On the cover of the book, Carbon Dharma, adorns this photograph that I took in December of 2008. It is the photograph of a fence enclosing the protected common land of the village of Karech in Rajasthan, India. To the left of the fence, livestock is allowed to graze and the land is barren, devoid of vegetation, except for the occasional scraggly tree or bush. To the right of the fence, the protected common land is lush green and has regenerated into a forest.
Until a few days ago, I didn't realize that this photograph also illustrates a gross miscalculation that has been occurring in Climate Science which continues to this day, except in the scholarly work of two UN scientists, Robert Goodland of the World Bank and Jeff Anhang of the International Finance Corporation (IFC). The gross miscalculation is in the carbon cycle imbalance caused by human activities. The majority of climate models assume that livestock is in static equilibrium with the 45% of the ice-free land area of the planet that is currently being used for livestock production. In other words, they assume that the land to the left and to the right of the fence in that cover photograph sequester the same amount of carbon per unit acre. Goodland and Anhang (2009, 2011) and my own two eyes beg to differ with this assumption.
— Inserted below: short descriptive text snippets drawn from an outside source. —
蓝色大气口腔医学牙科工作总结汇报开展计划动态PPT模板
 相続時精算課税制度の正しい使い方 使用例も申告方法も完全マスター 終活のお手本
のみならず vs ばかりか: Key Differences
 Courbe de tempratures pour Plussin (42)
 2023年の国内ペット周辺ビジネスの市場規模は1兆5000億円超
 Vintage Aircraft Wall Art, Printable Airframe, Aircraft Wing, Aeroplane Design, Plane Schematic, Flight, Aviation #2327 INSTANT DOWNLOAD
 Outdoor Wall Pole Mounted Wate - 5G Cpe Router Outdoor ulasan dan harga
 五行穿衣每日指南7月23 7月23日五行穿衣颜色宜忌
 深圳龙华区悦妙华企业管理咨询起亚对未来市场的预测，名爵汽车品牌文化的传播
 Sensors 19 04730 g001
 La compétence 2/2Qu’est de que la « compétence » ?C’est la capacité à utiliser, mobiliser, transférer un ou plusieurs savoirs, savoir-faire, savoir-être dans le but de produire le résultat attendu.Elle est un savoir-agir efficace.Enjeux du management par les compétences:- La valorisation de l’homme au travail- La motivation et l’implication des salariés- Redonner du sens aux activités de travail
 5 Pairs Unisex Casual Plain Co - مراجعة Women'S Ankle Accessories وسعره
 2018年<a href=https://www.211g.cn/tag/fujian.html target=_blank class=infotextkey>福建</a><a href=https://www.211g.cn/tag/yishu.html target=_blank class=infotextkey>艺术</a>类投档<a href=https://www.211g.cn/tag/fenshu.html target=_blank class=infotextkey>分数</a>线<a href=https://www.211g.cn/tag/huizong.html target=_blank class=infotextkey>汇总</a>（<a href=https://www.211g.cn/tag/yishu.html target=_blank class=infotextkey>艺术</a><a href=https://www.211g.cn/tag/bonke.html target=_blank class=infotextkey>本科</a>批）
Livestock is a major source of the carbon cycle imbalance even with this gross miscalculation. The 2006 UN FAO report, Livestock's Long Shadow (LLS), had calculated that the livestock sector is responsible for 18% of the global greenhouse gas emissions. But LLS had failed to take into account the ongoing conversion of carbon from land used for livestock production into greenhouse gas emissions. That is, in the world view of the LLS scientists, that fence should have made no difference in the carbon sequestered per unit acre in Rajasthan. But once we recognize the reality that livestock are literally sucking up the carbon from the land and emitting it as greenhouse gases such as methane and CO2 while turning lush green land into barren wasteland, Goodland and Anhang's calculations become more relevant. And the contribution of livestock to the total human caused greenhouse gas emissions is at least a whopping 51% each year.
This means that the human impact on the carbon cycle is much bigger than we thought. But on the flip side, this also means that the carbon sinks of the natural world are much more powerful than we thought. If 20% of the CO2 emissions in the present climate model calculations are being absorbed by tropical forests and other carbon sinks, then it turns out these same carbon sinks are actually absorbing that and the additional carbon emitted by livestock as well. Which gives me some conviction that a mass movement towards veganism will have a much bigger impact than I originally thought.